Brief descriptive captions:
Segment Open

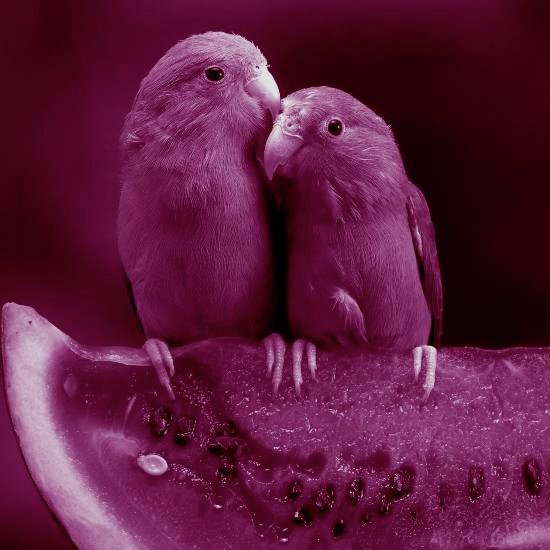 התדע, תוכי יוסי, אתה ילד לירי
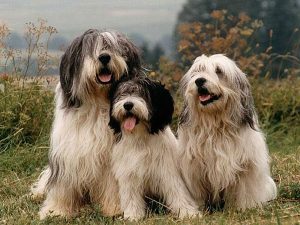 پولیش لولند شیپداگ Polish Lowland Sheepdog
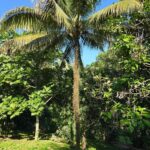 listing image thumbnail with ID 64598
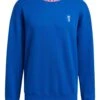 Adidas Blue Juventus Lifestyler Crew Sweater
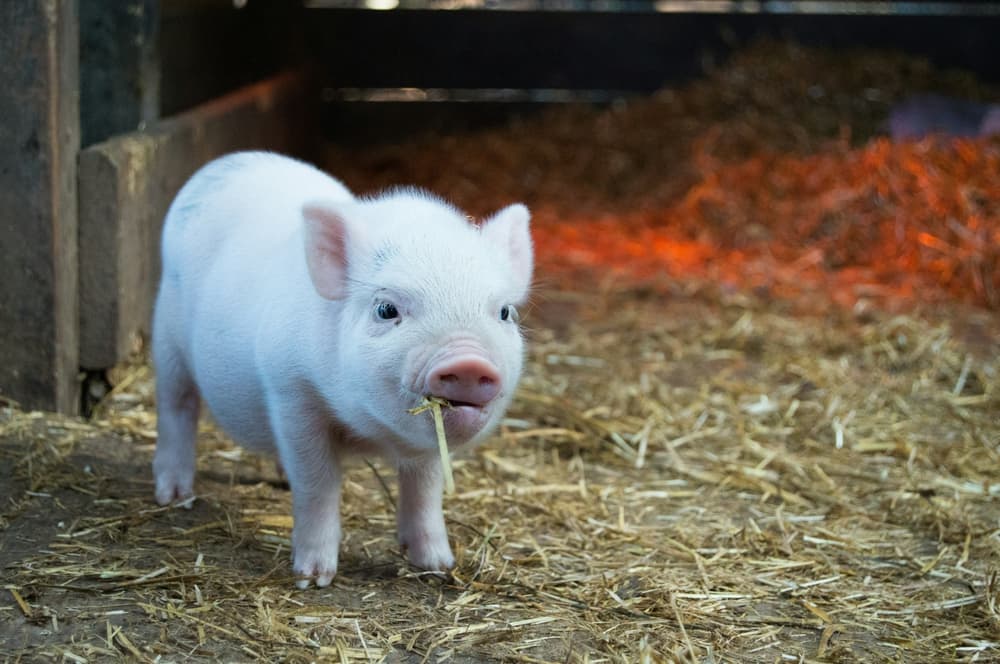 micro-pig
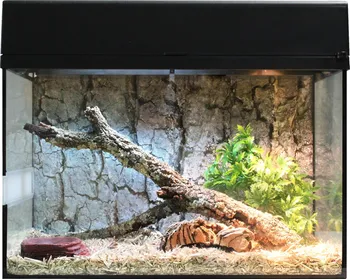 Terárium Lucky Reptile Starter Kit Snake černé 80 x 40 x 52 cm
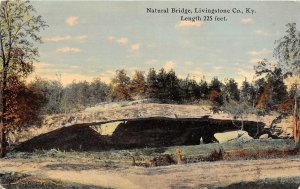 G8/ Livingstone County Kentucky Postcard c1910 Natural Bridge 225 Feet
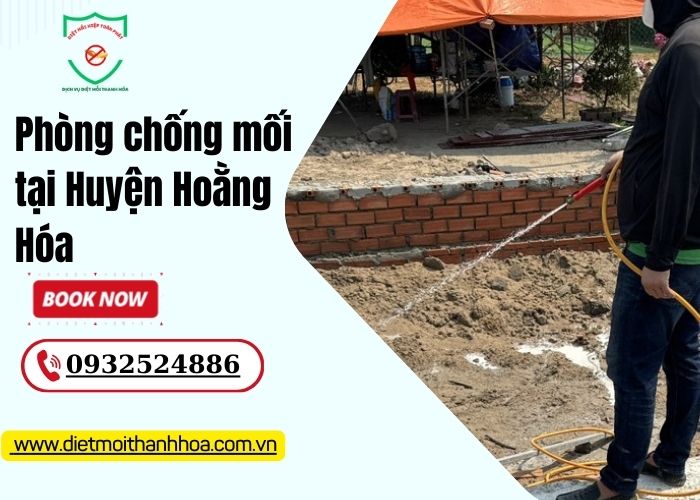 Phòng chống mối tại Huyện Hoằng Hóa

Segment Closed

Every entry above is to be set down exactly; the pictures are to be left out.

 התדע, תוכי יוסי, אתה ילד לירי
 پولیش لولند شیپداگ Polish Lowland Sheepdog
 listing image thumbnail with ID 64598
 Adidas Blue Juventus Lifestyler Crew Sweater
 micro-pig
 Terárium Lucky Reptile Starter Kit Snake černé 80 x 40 x 52 cm
 G8/ Livingstone County Kentucky Postcard c1910 Natural Bridge 225 Feet
 Phòng chống mối tại Huyện Hoằng Hóa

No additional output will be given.